■ DATA FOR THIS TASK:
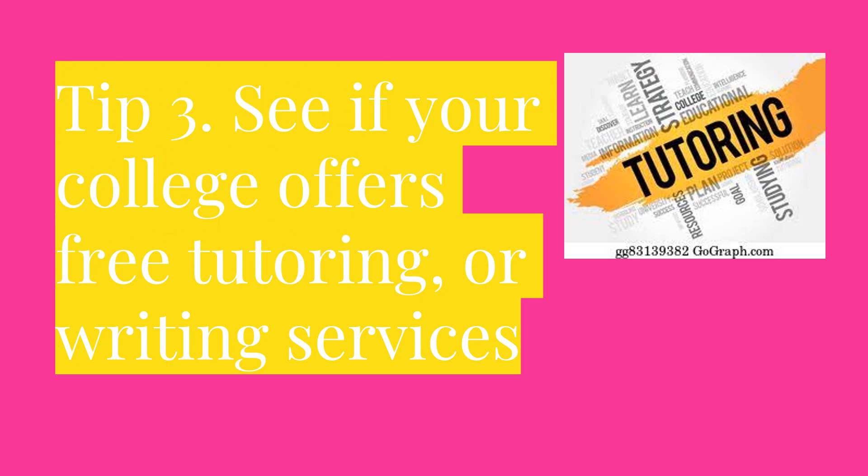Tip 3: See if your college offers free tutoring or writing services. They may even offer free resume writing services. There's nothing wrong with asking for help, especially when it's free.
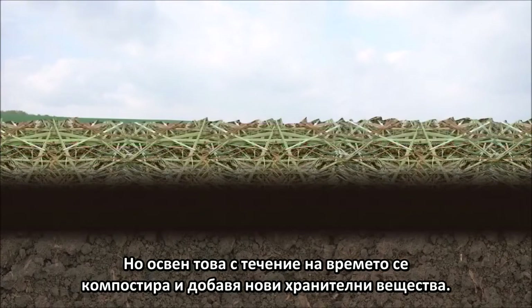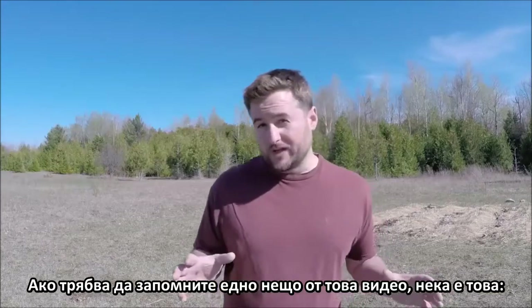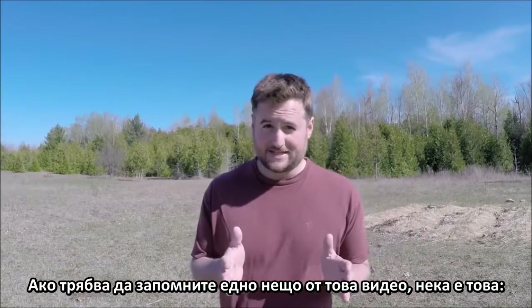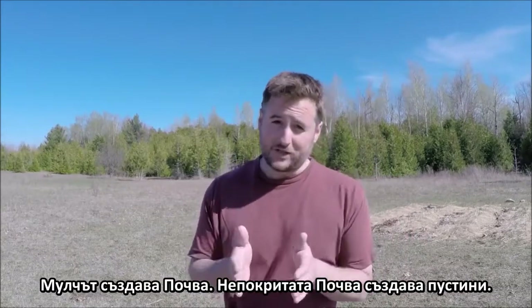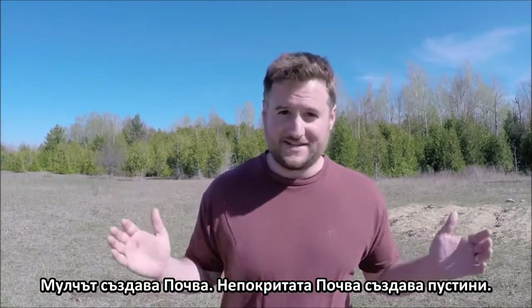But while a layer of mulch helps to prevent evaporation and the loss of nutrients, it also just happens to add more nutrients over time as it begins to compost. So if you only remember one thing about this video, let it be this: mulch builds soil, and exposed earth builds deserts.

==

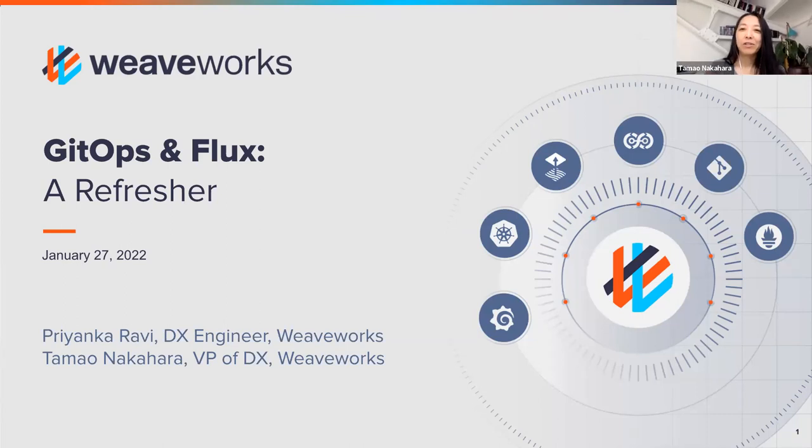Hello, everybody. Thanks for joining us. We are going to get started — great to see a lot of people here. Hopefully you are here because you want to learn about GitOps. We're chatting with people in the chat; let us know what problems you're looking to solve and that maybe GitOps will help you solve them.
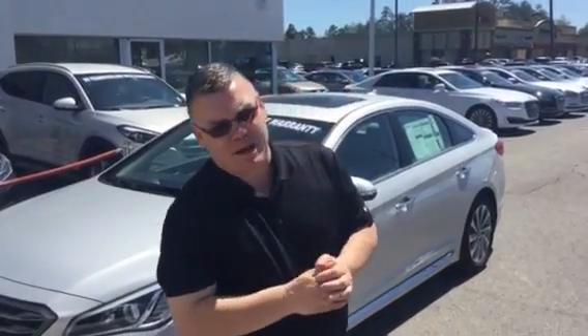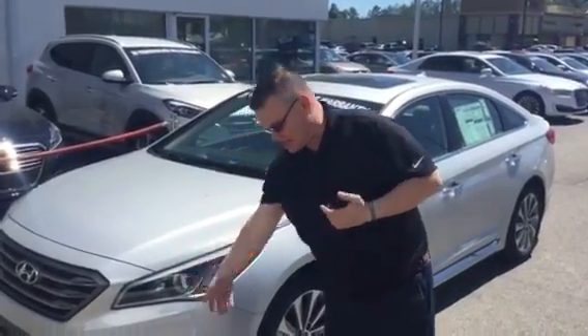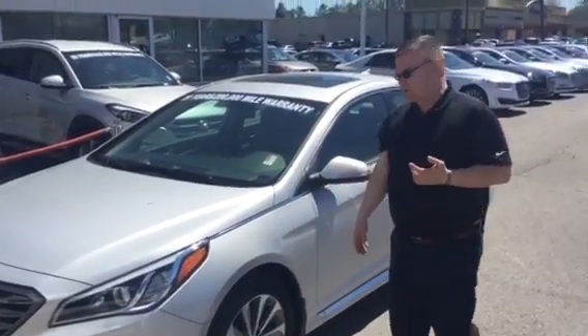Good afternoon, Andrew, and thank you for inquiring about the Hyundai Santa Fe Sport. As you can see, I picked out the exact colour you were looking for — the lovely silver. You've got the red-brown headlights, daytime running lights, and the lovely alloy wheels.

--

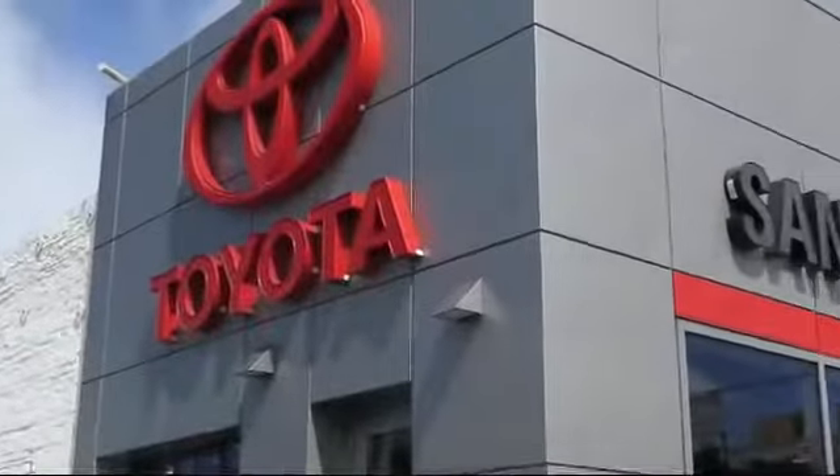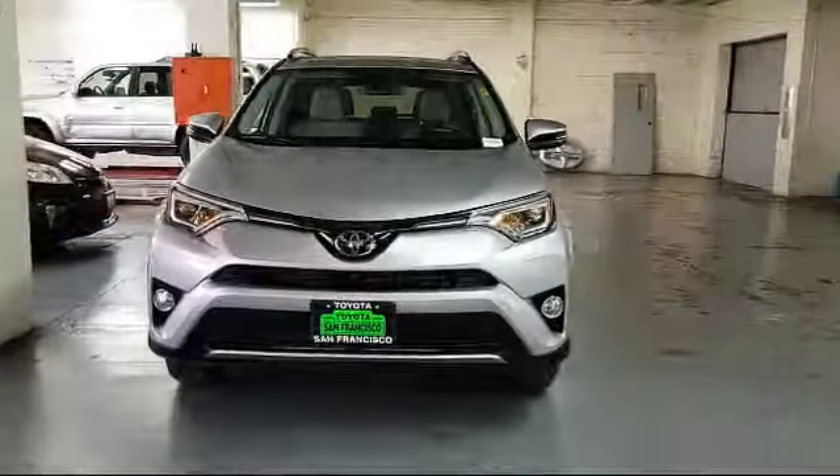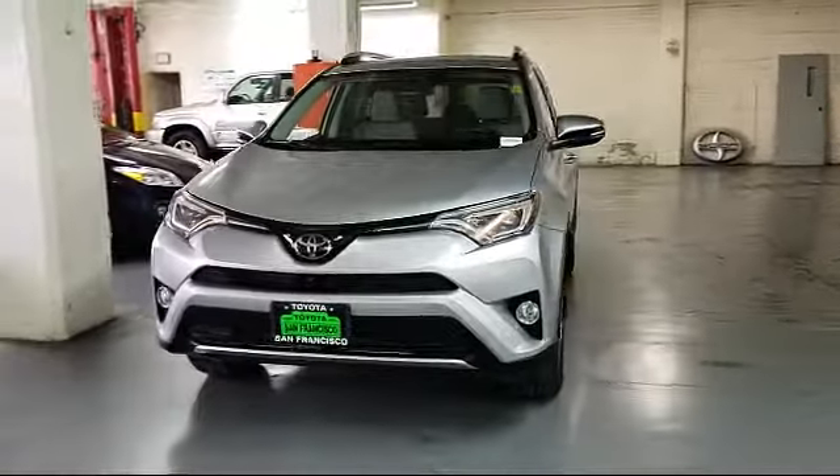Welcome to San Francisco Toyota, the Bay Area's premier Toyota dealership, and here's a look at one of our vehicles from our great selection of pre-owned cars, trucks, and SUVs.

■ PROBLEM DESCRIPTION: Print the part of the listing above that opens with the line containing "Hello, everybody. Thanks" and closes with the line containing "Good afternoon, Andrew, and". Copy it exactly, both ends included, and omit the pictures.

■ RESPONSE AREA:
Hello, everybody. Thanks for joining us. We are going to get started — great to see a lot of people here. Hopefully you are here because you want to learn about GitOps. We're chatting with people in the chat; let us know what problems you're looking to solve and that maybe GitOps will help you solve them.
Good afternoon, Andrew, and thank you for inquiring about the Hyundai Santa Fe Sport. As you can see, I picked out the exact colour you were looking for — the lovely silver. You've got the red-brown headlights, daytime running lights, and the lovely alloy wheels.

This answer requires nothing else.